10. Gemäss Art. 69 Abs. 1bis des Bundesgesetzes über die Invalidenversicherung (IVG) ist das Beschwerdeverfahren bei Streitigkeiten um die Bewilligung oder die Verweigerung von Leistungen der Invalidenversicherung vor dem kantonalen Versicherungsgericht in Abweichung von Art. 61 lit. a des Bundesgesetzes über den Allgemeinen Teil des Sozialversicherungsrechts (ATSG) kostenpflichtig. Die Kosten werden nach dem Verfahrensaufwand und unabhängig vom Streitwert im Rahmen von Fr. 200.-- bis Fr. 1'000.-- festgelegt. Vorliegend erweist sich eine Kostenpauschale von Fr. 900.-- als angemessen. Ausgangsgemäss sind die Kosten dem Beschwerdeführer aufzuerlegen.
Das Gericht erkennt:
1. Die Beschwerde wird abgewiesen.
2. Die Gerichtskosten von Fr. 900.-- werden dem Beschwerdeführer auferlegt. Rechnung und Einzahlungsschein werden dem Kostenpflichtigen nach Eintritt der Rechtskraft zugestellt.
3. Zustellung gegen Empfangsschein an:
- Rechtsanwalt Michael Grimmer
- Sozialversicherungsanstalt des Kantons Zürich, IV-Stelle
- Bundesamt für Sozialversicherungen
sowie an:
- Gerichtskasse (im Dispositiv nach Eintritt der Rechtskraft)

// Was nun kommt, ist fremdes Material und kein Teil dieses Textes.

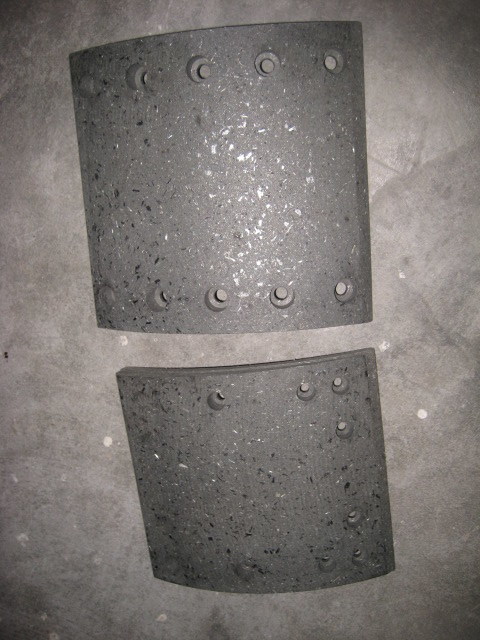 Brake Lining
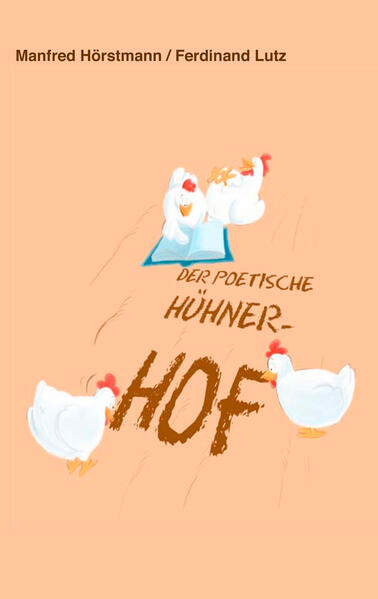 Image of Der poetische Hühnerhof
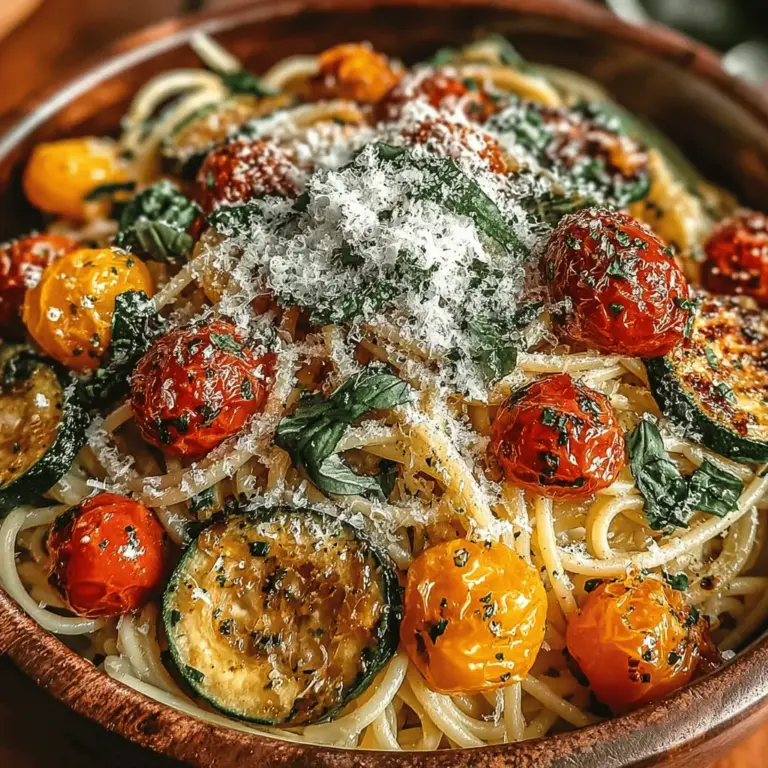 In der heutigen Zeit, in der frische und gesunde Ernährung immer mehr an Bedeutung gewinnen, sind Rezepte wie die Gartenfrische Tomaten-Zucchini-Pasta nicht nur eine wunderbare Möglichkeit, saisonale Zutaten zu nutzen, sondern auch eine Einladung, die mediterrane Küche in den eigenen vier Wänden zu zelebrieren. Pasta-Gerichte sind ein fester Bestandteil der kulinarischen Traditionen, die in vielen Haushalten auf der ganzen Welt zubereitet werden. Sie bieten eine perfekte Basis für kreative Variationen und erlauben es, verschiedene Aromen und Texturen zu kombinieren.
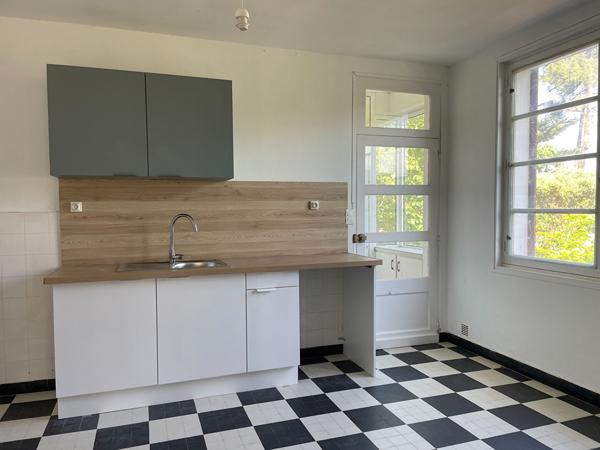 Maison Saint Hilaire De Riez 5 pièce(s) 100 m2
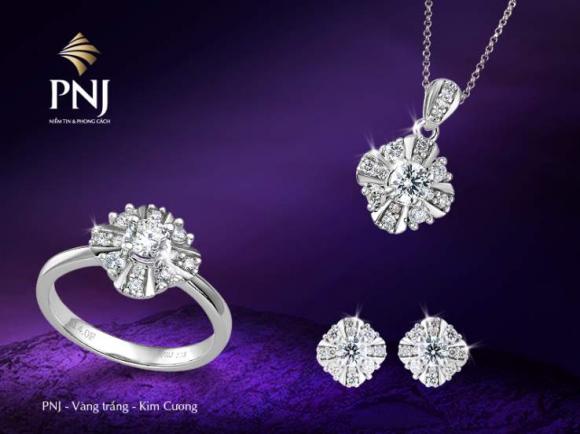 PNJSilver, Bạc cao cấp, Trang sức, Địa chỉ mua sắm, Khuyến mãi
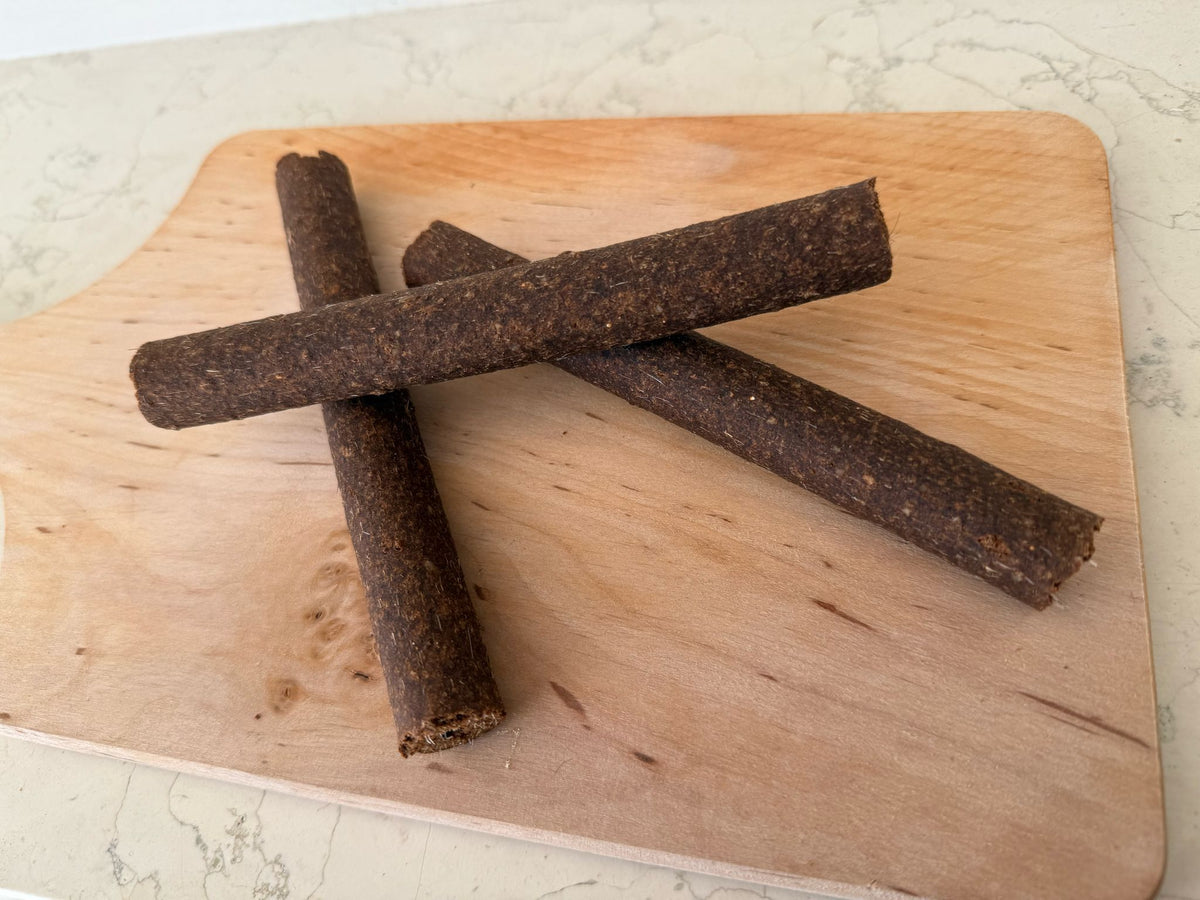 Stick konijn frikandel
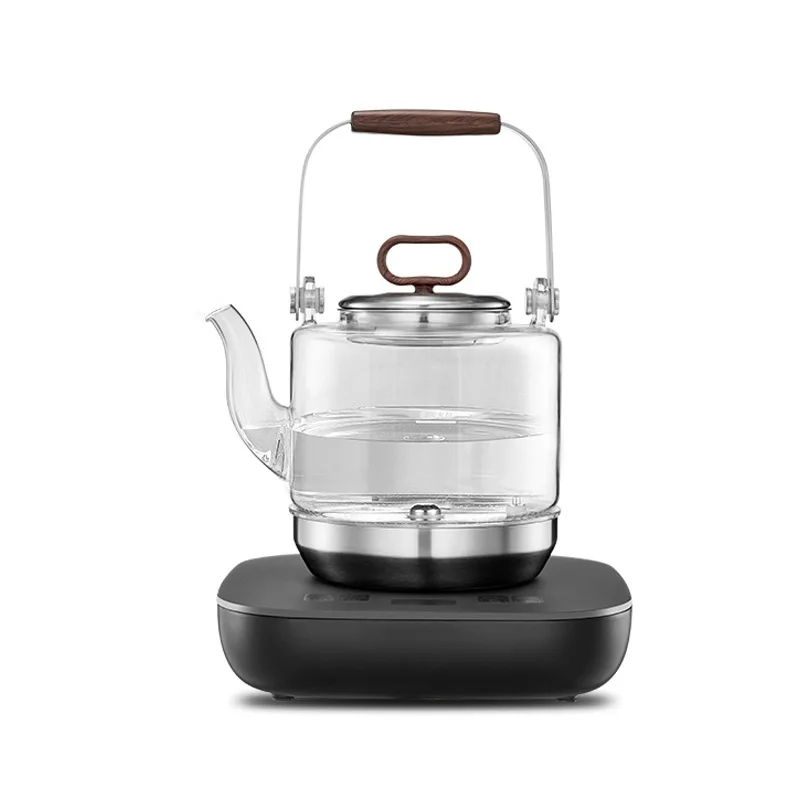Special Food Grade Electric Kettle Household Smart Kettle Health Pot Pure Titanium Health Pot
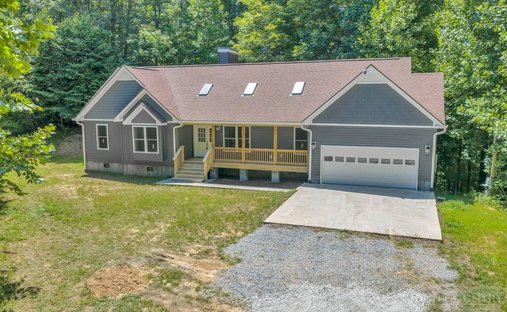 House in Sugar Grove, North Carolina, United States 1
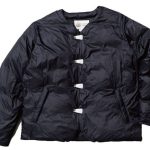 ジェリー「Classic 64 Slope Down Cardigan」¥41,800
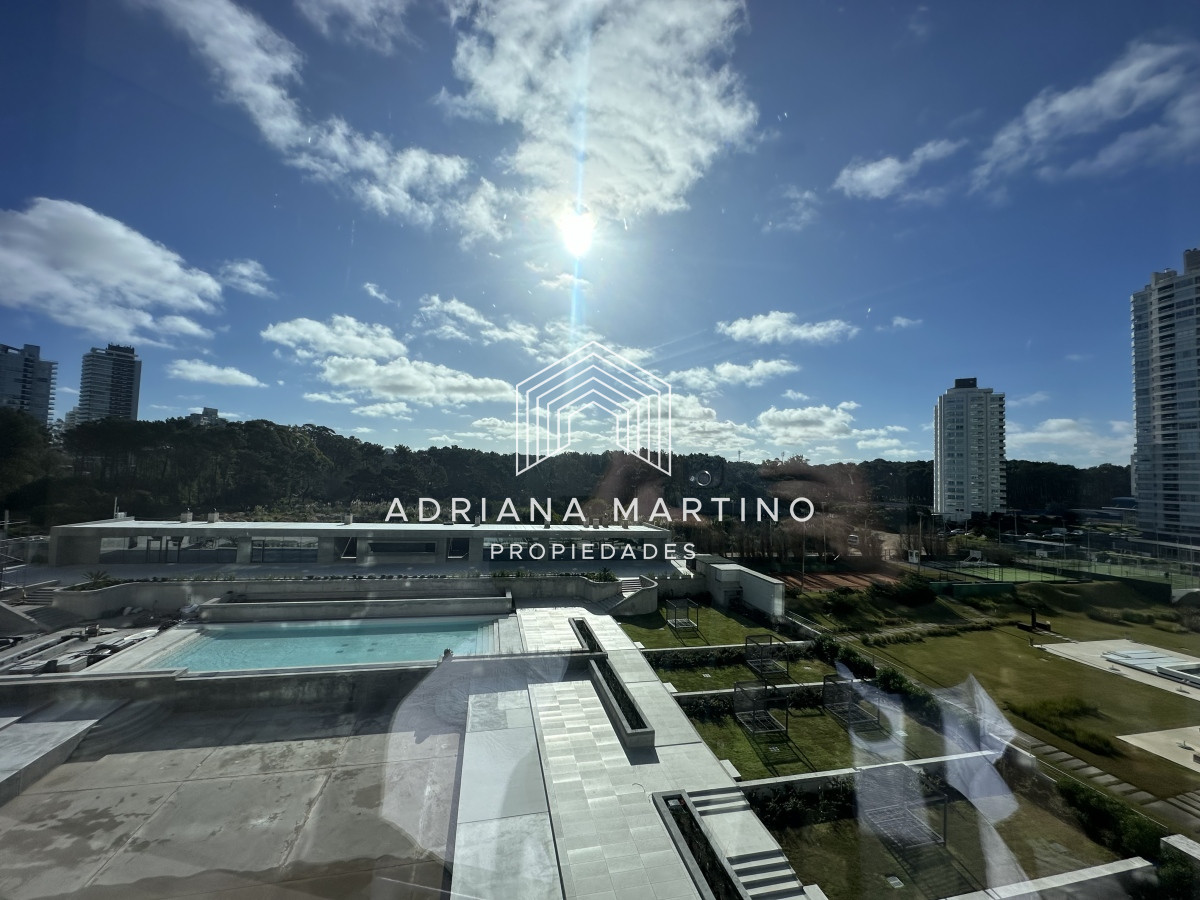 Apartamento ID.70844 - Excelente apartamento en Punta del este  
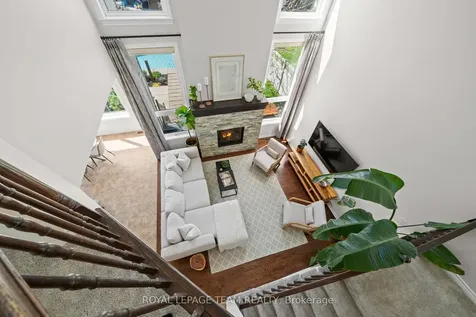 139 Stonewater Bay N/a Carleton Place ON K7C 0B1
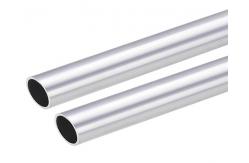 China Aluminio Round Aluminium 6061 Pipes 6060 7005 7075 7049 T5 T6 T651 6082 supplier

4. Gegen diesen Entscheid kann innert 30 Tagen seit der Zustellung beim Bundesgericht Beschwerde eingereicht werden (Art. 82 ff. in Verbindung mit Art. 90 ff. des Bundesgesetzes über das Bundesgericht, BGG). Die Frist steht während folgender Zeiten still: vom siebten Tag vor Ostern bis und mit dem siebten Tag nach Ostern, vom 15. Juli bis und mit 15. August sowie vom 18. Dezember bis und mit dem 2. Januar (Art. 46 BGG).
Die Beschwerdeschrift ist dem Bundesgericht, Schweizerhofquai 6, 6004 Luzern, zuzustellen.
Die Beschwerdeschrift hat die Begehren, deren Begründung mit Angabe der Beweismittel und die Unterschrift des Beschwerdeführers oder seines Vertreters zu enthalten; der angefochtene Entscheid sowie die als Beweismittel angerufenen Urkunden sind beizulegen, soweit die Partei sie in Händen hat (Art. 42 BGG).